E.g., there may be two graphs where the edge lists, when written in terms of vertex names, look identical. However, the vertex lists are ordered differently. If I understand correctly what you meant by the ignore_edge_ordering and ignore_vertex_names arguments, this case wouldn't be covered by them. Yet it is relevant for transferring edge weights ...

(To be clear, I do not propose actually supporting all the cases. I think we shouldn't. But it's good to think them through, and think about which are/aren't useful.)

vtraag commented 3 years ago

E.g., there may be two graphs where the edge lists, when written in terms of vertex names, look identical. However, the vertex lists are ordered differently. If I understand correctly what you meant by the ignore_edge_ordering and ignore_vertex_names arguments, this case wouldn't be covered by them. Yet it is relevant for transferring edge weights ...

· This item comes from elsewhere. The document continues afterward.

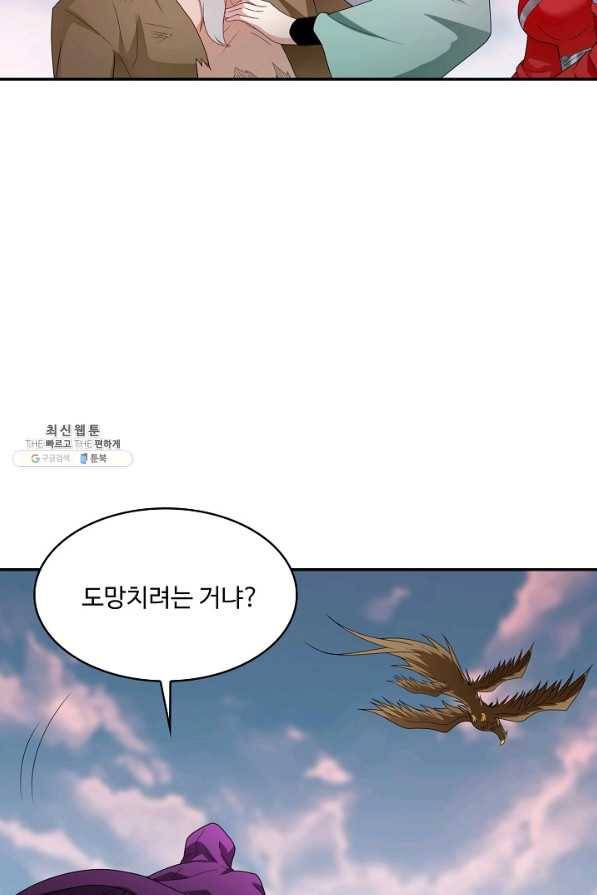 내 소설의 악역이 되다 143화 56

Using vertex names essentially comes down to ignoring vertex ordering in my proposal. If two graphs would have identical edge lists when written in terms of vertex names, they should be considered identical even if ignore_edge_ordering=FALSE.

ntamas commented 1 year ago

Requiring ordered edge lists to be the same is not particularly useful in math, but may occasionally be useful when programming ... maybe ... does anyone actually have a use case for this?

Many unit tests rely on storing an expected representation of the graph, and the test itself checks whether the actual representation obtained from some igraph function is identical to the expected representation, also w.r.t. vertex and edge ordering.

szhorvat commented 1 year ago

In my experience, a more common requirement in tests is to ignore the edge ordering when comparing graphs. But of course, both variants have their uses.

However, isn't checking that the edge lists are identical quite trivial, all(as_edgelist(g1, names=F) == as_edgelist(g2, names=F))? This can be a helper function for testing if necessary.

ntamas commented 1 year ago

It doesn't compare the internal indexes (which are represented on the R side, contrary to other higher-level interfaces like the Python interface, which only holds a reference to an igraph_t that lives entirely on the C side), or the attributes. identical_graphs compares almost all components of the R representation. This is really intended for unit tests and nothing else.

maelle commented 7 months ago

The documentation part of this issue (clarifying what identical_graphs() does in its manual page) seems tackled.

What about the idea of is_same_graph @ntamas @szhorvat @vtraag? is this still wanted? is it work to do here or in the C core?